**Your objective:** Find the line containing "341 Keith Ave, Kilmarnock, VA 22482" in the entries; transcribe it and all remaining lines through the end, exactly as they appear, but not the pictures.

[Records for the exercise]

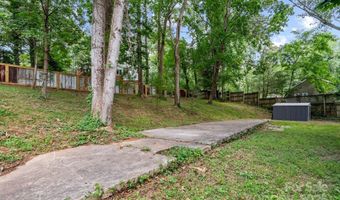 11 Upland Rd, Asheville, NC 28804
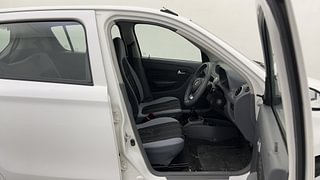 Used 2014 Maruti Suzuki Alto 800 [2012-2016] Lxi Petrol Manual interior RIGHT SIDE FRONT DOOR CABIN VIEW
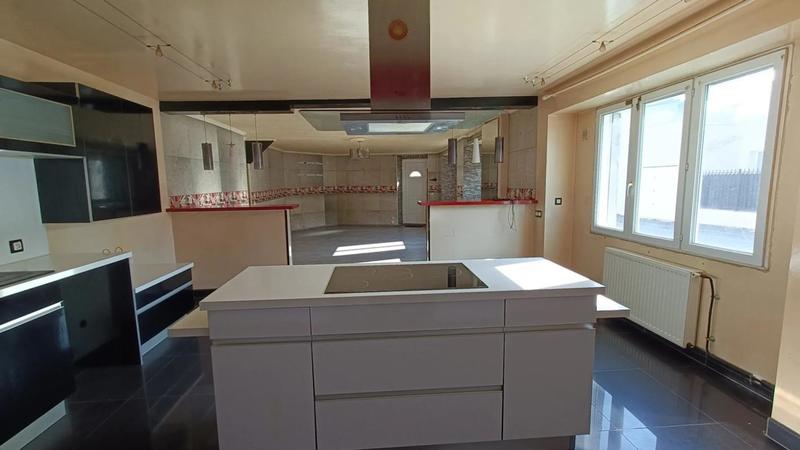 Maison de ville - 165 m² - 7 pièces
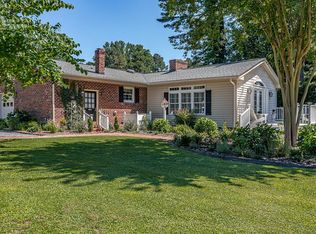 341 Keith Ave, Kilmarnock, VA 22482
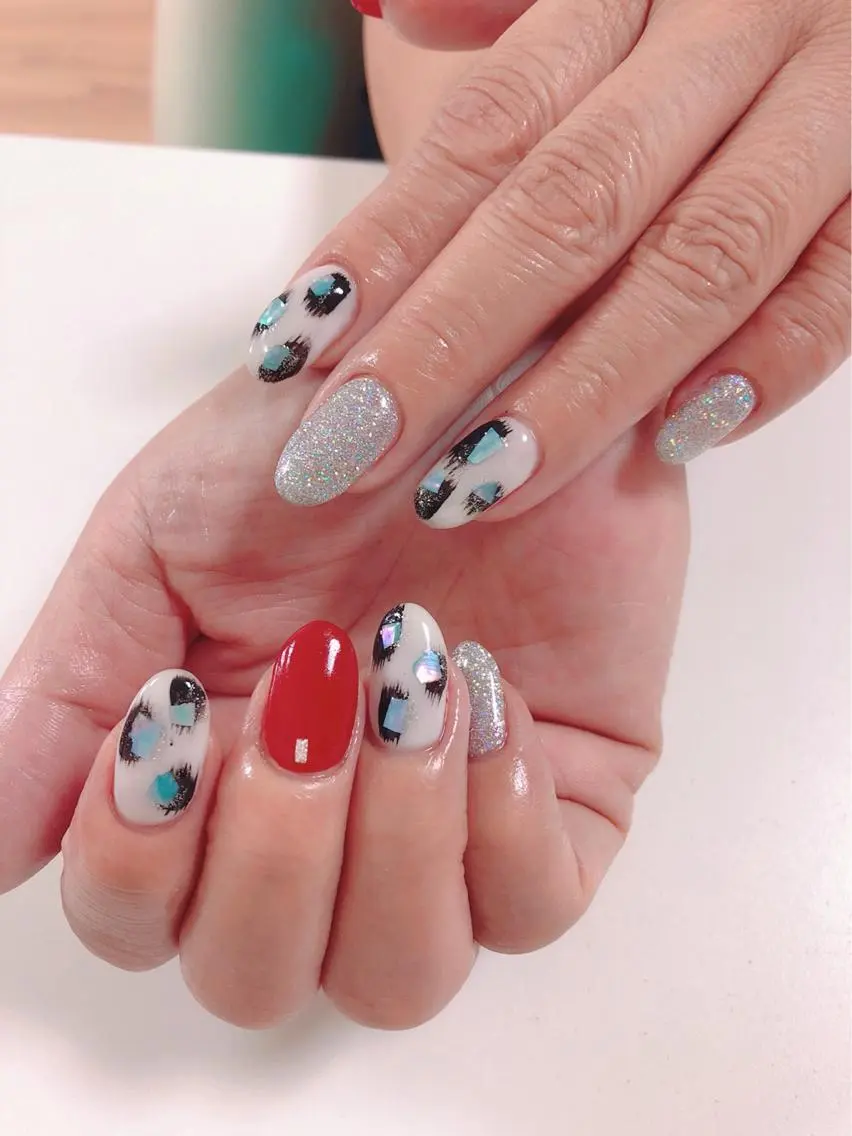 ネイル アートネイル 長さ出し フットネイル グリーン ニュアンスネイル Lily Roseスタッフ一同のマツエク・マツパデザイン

[/Records for the exercise]

**Task solution:**
 341 Keith Ave, Kilmarnock, VA 22482
 ネイル アートネイル 長さ出し フットネイル グリーン ニュアンスネイル Lily Roseスタッフ一同のマツエク・マツパデザイン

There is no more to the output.